New Managed Firewall Cloudflare OWASP Core Ruleset

Hi folks

Over the last few months I’ve seen a few products/service offerings being released that, while feature complete, were not working exactly as intended.

For example take SFBM. The initial idea is brilliant but the fact you can’t bypass it for certains situations makes it impossible to adopt for those who have some manageable automated traffic such as RSS feed readers, IFTTT/Zapier integrations and other APIs. Nothing has been done about this, despite plenty of feedback in this forum and in support tickets.

Another example is the new Managed Firewall. I asked to use the new version because I was very interested in the Leaked Credentials Check feature. It works really well. But at the same time the new Managed Firewall completely broke how the OWASP Core Ruleset is applied.

I see cases of requests beings blocked with error 949110 - expected. But what is not expected is to see specific rules being applied tot the total score even when they are disabled. In most cases all the rules applied to the total score are rules that I had previously disabled.

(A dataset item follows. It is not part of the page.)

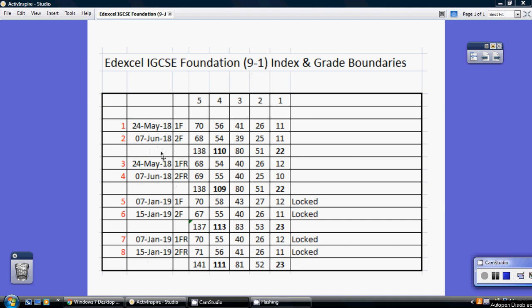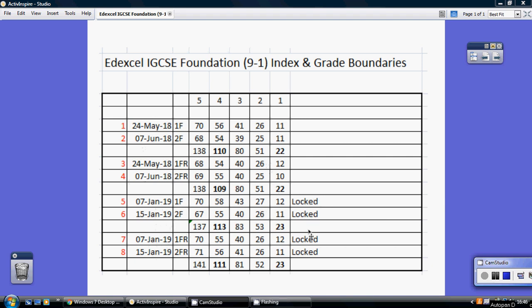Basically from summer of 2018, we've got the 1F and 2F, which were the papers taken in the UK, and then 1F and 2F, the papers taken in the regions. As things stand, we're in April 2019, there's just going to be the four papers on the system. The January 2019 papers are locked by Edexcel at the moment, so I won't be releasing answers to those until Edexcel have unlocked those.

A previous support ticket received the response that “Yes, we know this is happening and we will update this ticket” but was closed after 25 days without a resolution.

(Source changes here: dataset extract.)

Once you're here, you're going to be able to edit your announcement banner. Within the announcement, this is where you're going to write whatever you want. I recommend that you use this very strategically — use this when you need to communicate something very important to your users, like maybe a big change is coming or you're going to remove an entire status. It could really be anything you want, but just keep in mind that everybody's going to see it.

There are lots of cases where services are launched with some missing features and/or final touches required for UI/UX - we’ve seen this in the Gateway product where new features are added all the time and it’s now a working service. But the Managed Firewall offering should be the one service where things aren’t left behind and bugs like this should be fixed instead of just ignored.

Yes, I know the new firewall is a beta but even for a beta the update cycle and response from support is very slow.

This has now been fixed by the team.

This topic was automatically closed 3 days after the last reply. New replies are no longer allowed.